The holidays can be a wonderful time of the year. There’s a lot of fellowship and family time with big family dinners and delicious desserts. I have fond memories of crowding in front of the television to look for Snoopy in the Thanksgiving Parade. And I waited all year long to watch Charlie Brown and his friends gather around that sad Christmas tree. The holidays can be a wonderful time of year, but sometimes it can be a time of stress and discontent, especially if you are a single parent.
The hardest part of being a single mom (for me) is navigating the waters of time sharing with my ex husband. During mediation things went smoothly until we started trying to figure out visits and time sharing for the boys. We were able to agree on the regular every day schedule but when it came to Thanksgiving and Christmas we hit a stalemate. After 45 minutes of going back and forth the mediation ended without a decision. We did finally come to an agreement but I had to step away, pray and really think things through.
If you are in a situation where you are sharing your children during the holidays, I know that it can be a hard thing. We are used to having our families together for these special times, and it can be devastating when that doesn’t happen anymore. I have been that mom – sad, depressed and lonely without my sweet boys. It hurts, but there is hope. I want to share some suggestions that have worked for us and just encourage you not to lose your joy this holiday season.
Maintain the Status Quo
If at all possible try to keep your child’s holiday routine and traditions the same. I know that it may be difficult. For a long time I went through a time when I took my children to places where I was clearly not welcomed or wanted because I didn’t want them to miss out on time with their dad’s side of the family. For birthdays and holidays I would show up with my boys and then retreat to a quiet corner in the room or sit outside on the porch while they enjoyed time with their cousins and grandparents. I kept this up until the day that I was called and told not to come over at all.

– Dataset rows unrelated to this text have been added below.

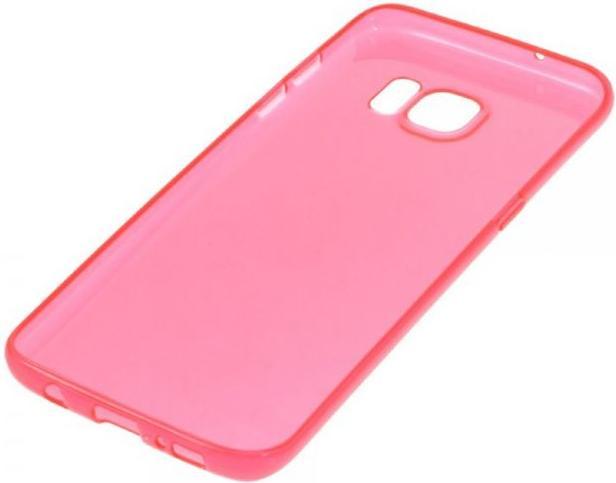 Produktbild MU Classic Transparente TPU Hülle (Samsung Galaxy S7 Edge)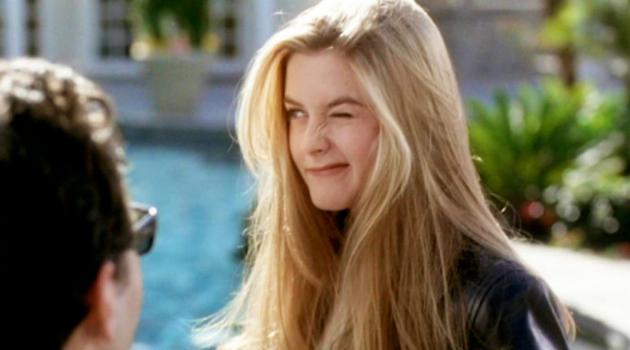 Alicia Silverstone in Clueless
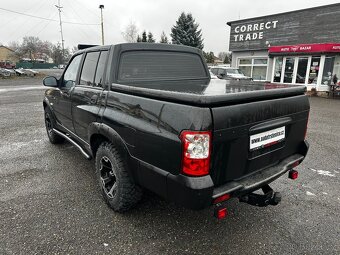 SSANG YONG MUSSO 2,9 TD - NOVÁ STK - HEZKÝ STAV - 3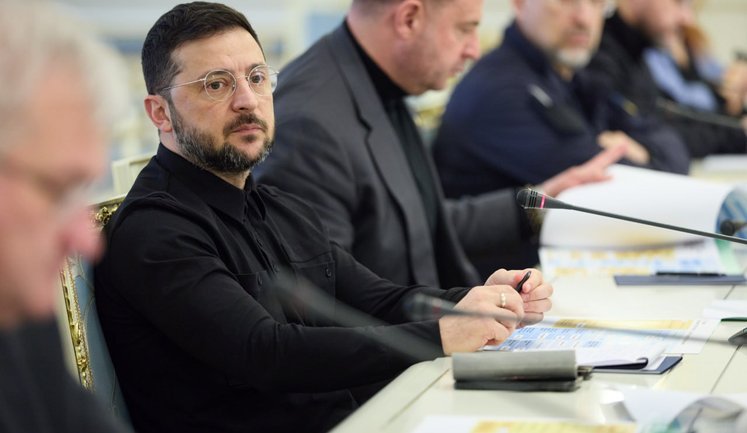 Програму контрольованого експорту української зброї треба запустити вже у листопаді, - Зеленський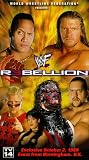 WWE Rebellion 1999 [VHS]
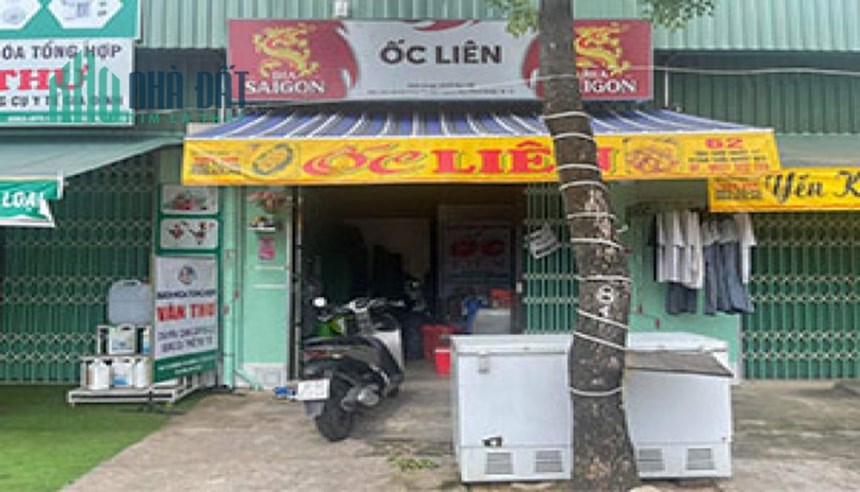 SANG QUÁN ỐC MẶT TIỀN – số 62 Đường Dương Thị Giang, P.Tân Thới Nhất, Q.12
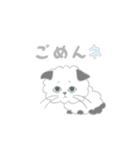 ネコでれんらく（個別スタンプ：32）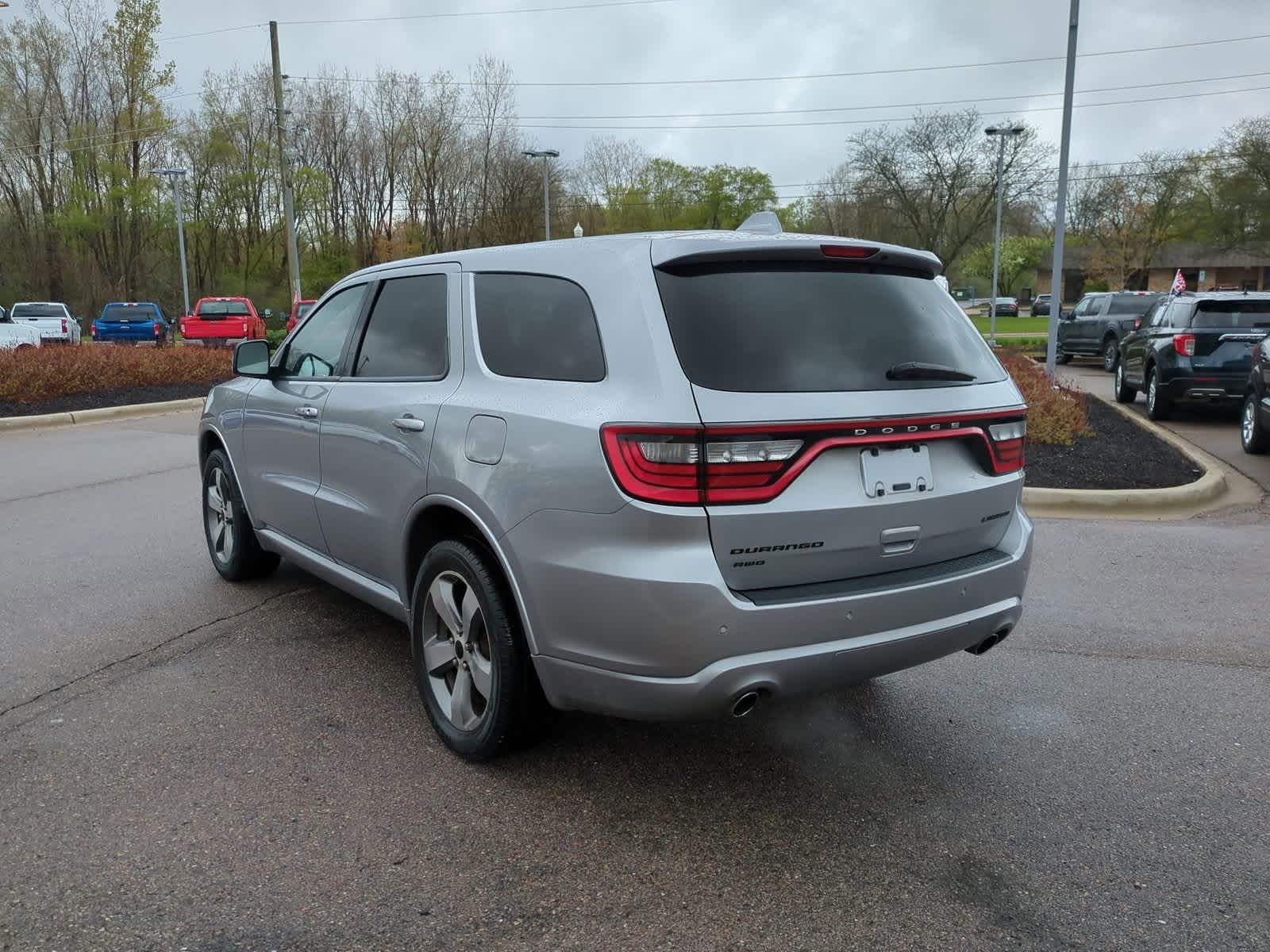 Thumbnail: 2015 Dodge Durango - 6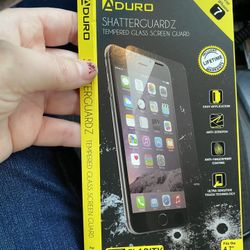iPhone 7 Tempered Glass Screen Protector 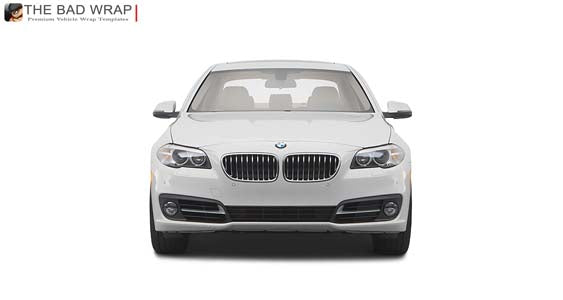 2015 BMW 5-Series 535i Sedan 3152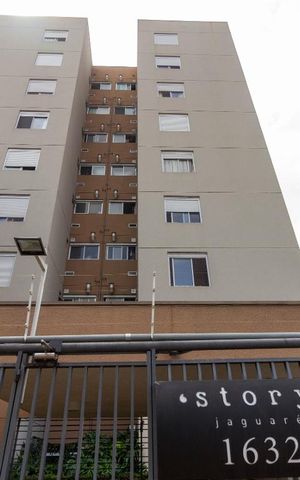 Apartamento à venda com 60m², 2 quartos e 1 vaga Apartamento à venda com 60m², 2 quartos e 1 vagaFachada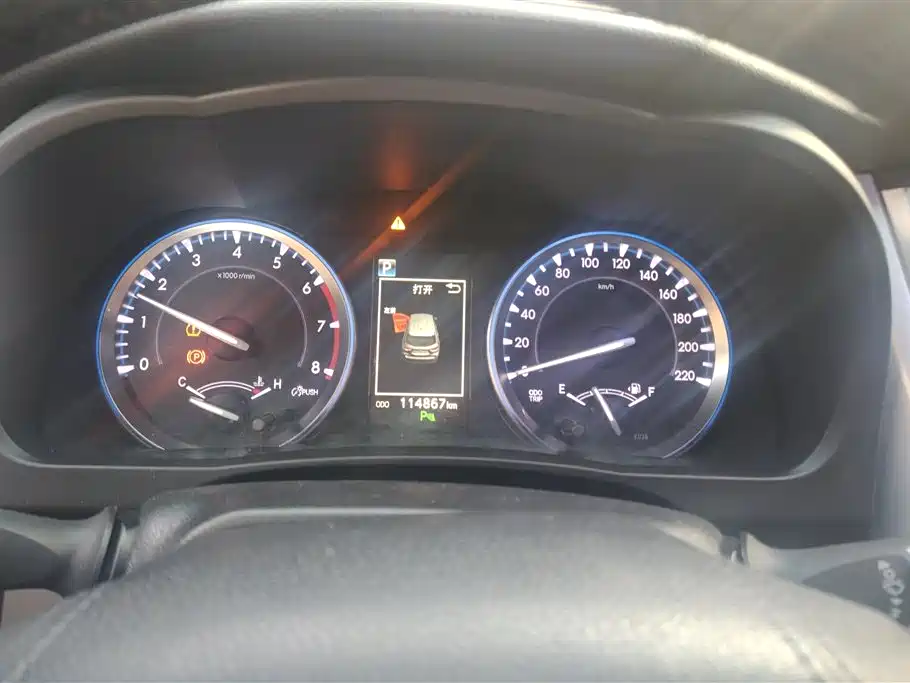 Toyota Highlander 2018 2.0T 4WD Luxury 7-seater China VI фото 14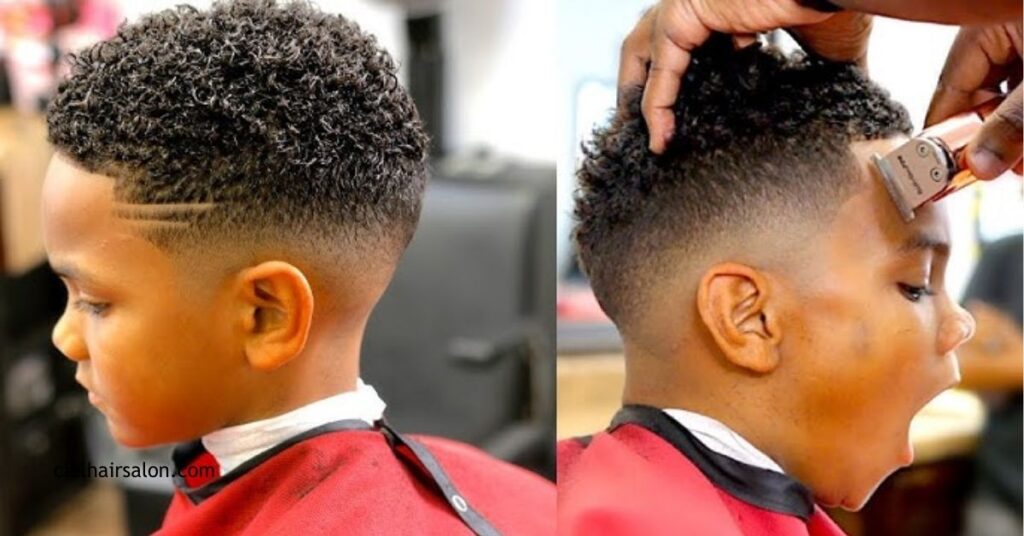 Fade Haircut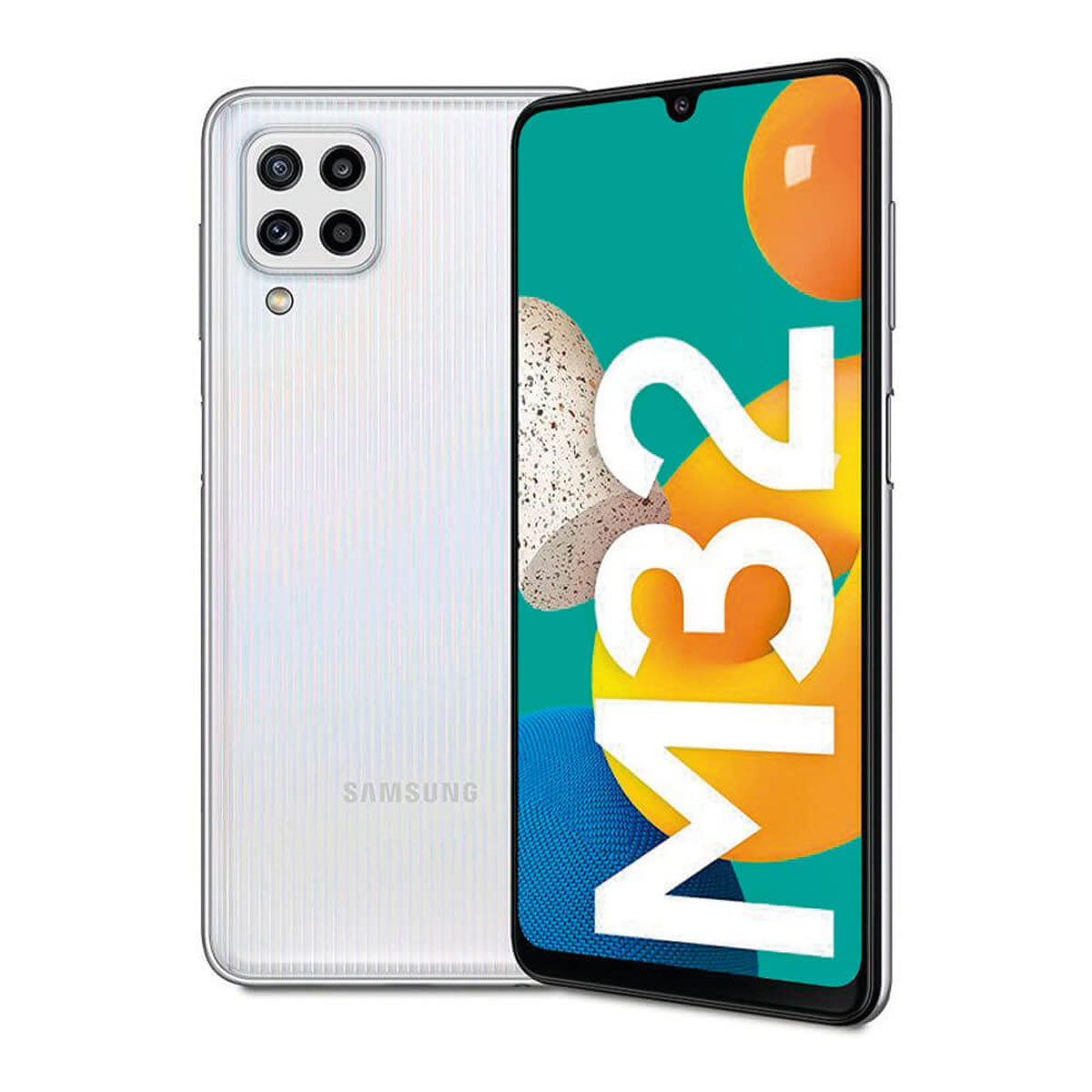 Samsung Galaxy M32 6GB/128GB White M325FV
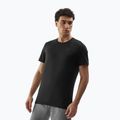 Футболка тренувальна чоловіча 4F M448 deep black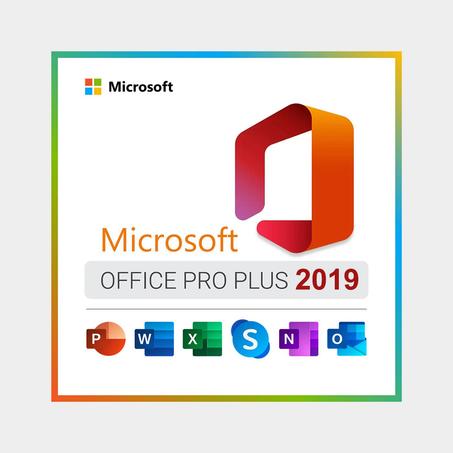 Ms Officee -2019 Professional Plus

If you cannot maintain the status quo, the next thing you need to try is compromise. Find the best way that you can to make sure that your children have time with all the important people their lives. Our compromise is for my boys to spend Thanksgiving morning and the first half of the afternoon with me and then the second half with their father. For Christmas they spend the night on the 23rd with their dad and and then come home for church service on the 24th and we open our gifts on the 25th.
Make New Traditions
One thing that has been really helpful for us to make some new traditions. Show your children that you are still a family. My boys and I started serving at a local homeless shelter during the holiday season. I wasn’t sure at first that my little ones would do more than get in the way, but it has been a blessing to all of us. I got to see my boys working hard: helping with trash, handing out napkins, and helping with drinks. I smiled as I watched my then 3 year walk from table to table telling people, “God loves you.”
Last year for the Christmas season I started an advent calendar with my boys. Each day from December 1-25 we would read a story book about the birth of Jesus. They loved every minute of it. It was also a great way to help then countdown to the day that we would celebrate the birth of Christ and the day that they would get to spend the night with their dad.